GIVEN DATA Block Start

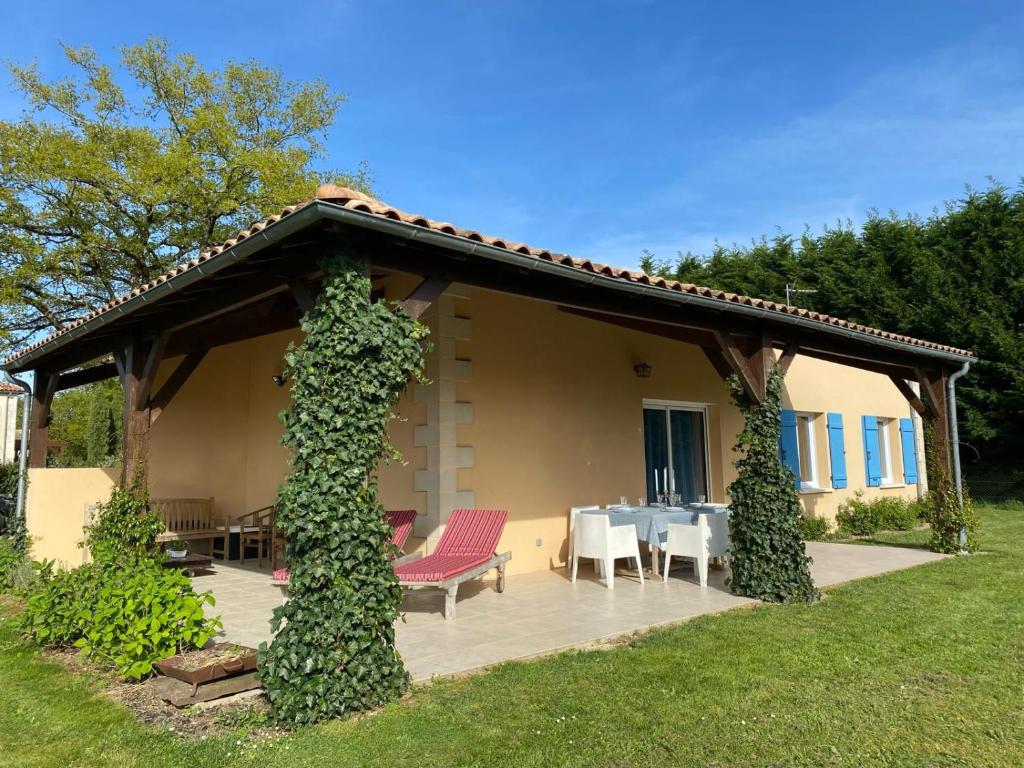 une maison avec un patio avec une table et des chaises dans l'établissement Private Luxury Villa With Big Garden on Park With Swimming Pool - Golf Resort and Restaurant nearby, à Vasles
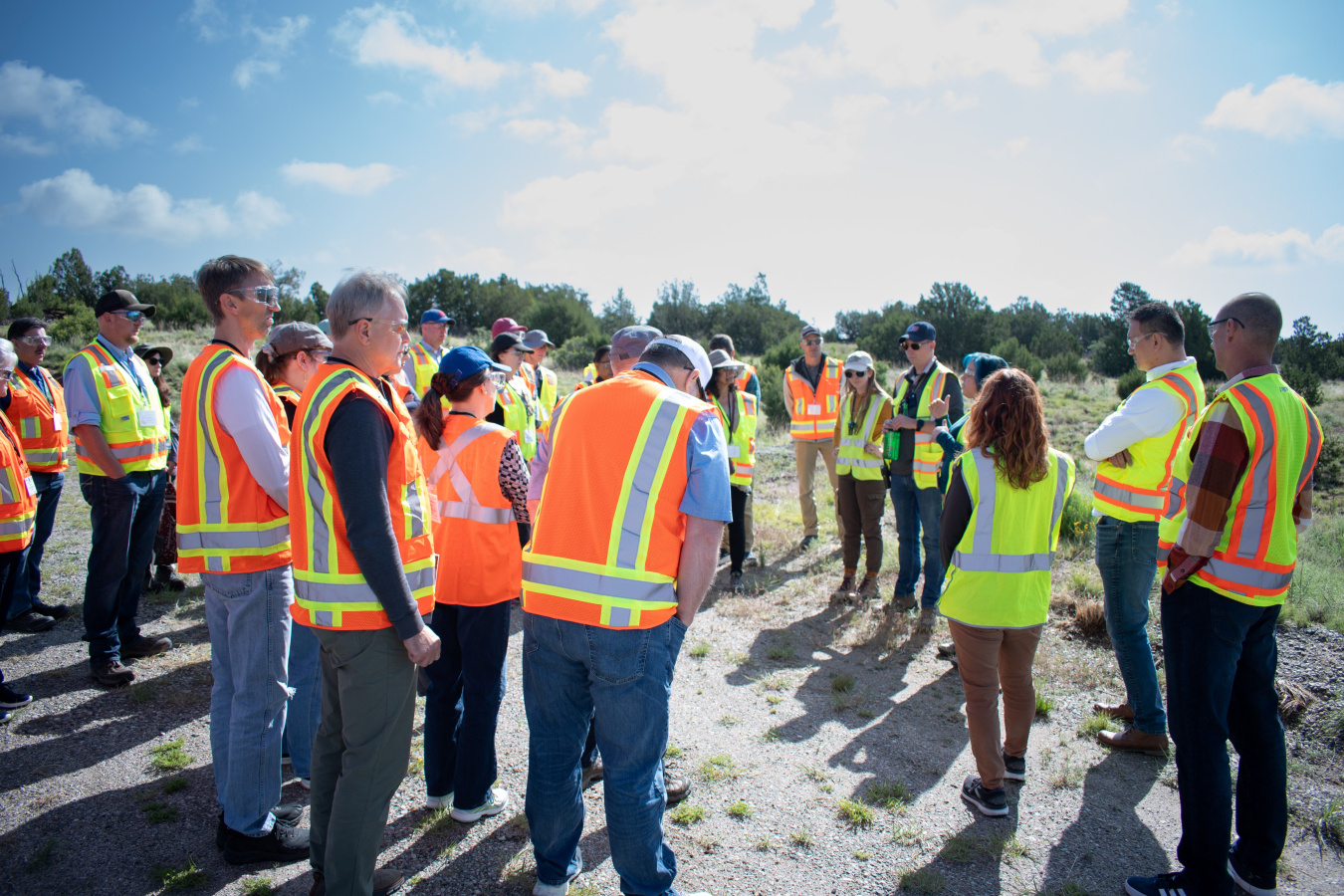 A group of people in yellow and orange safety vests taking a tour of the Los Alamos site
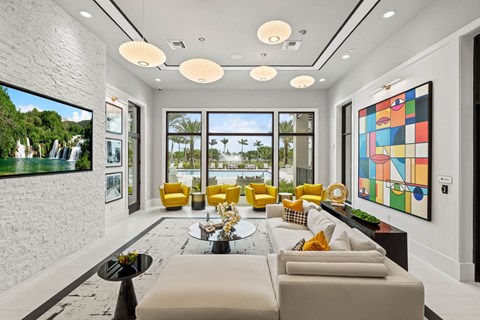 a living room with white walls and yellow furniture and a large window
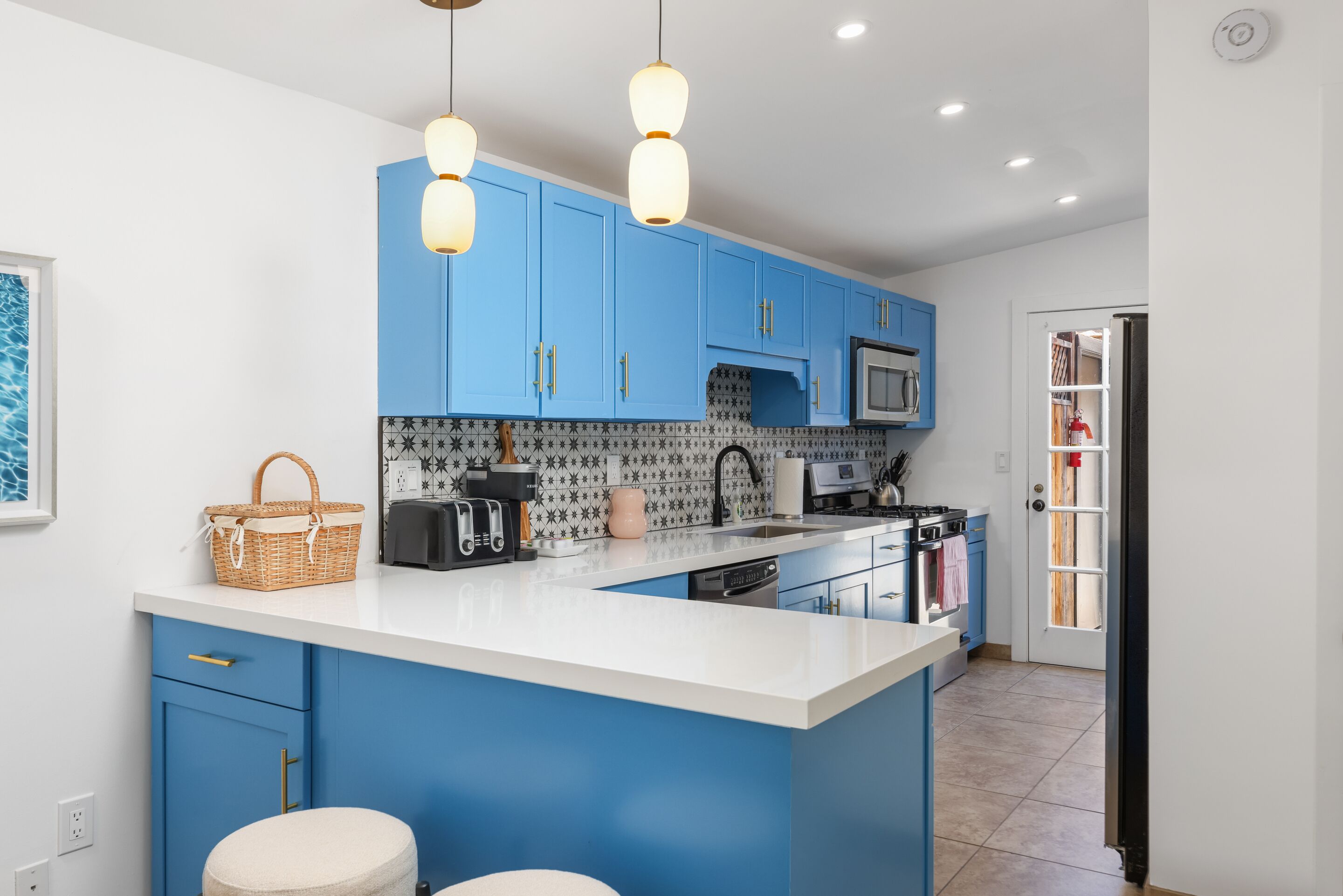 Een moderne keuken met blauwe kastjes, een wit aanrechtblad en hangende lampen.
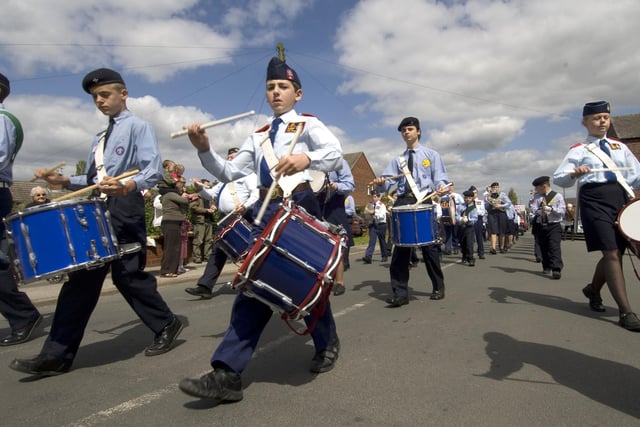 The marching brigade lead the event off down the streets of Gawthorpe during the 2009 Maypole Procession.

GIVEN DATA Block End

- **TASK GOAL**:
Please print every record exactly, leaving out the pictures.

- **YOUR RESPONSE**:
 une maison avec un patio avec une table et des chaises dans l'établissement Private Luxury Villa With Big Garden on Park With Swimming Pool - Golf Resort and Restaurant nearby, à Vasles
 A group of people in yellow and orange safety vests taking a tour of the Los Alamos site
 a living room with white walls and yellow furniture and a large window
 Een moderne keuken met blauwe kastjes, een wit aanrechtblad en hangende lampen.
 The marching brigade lead the event off down the streets of Gawthorpe during the 2009 Maypole Procession.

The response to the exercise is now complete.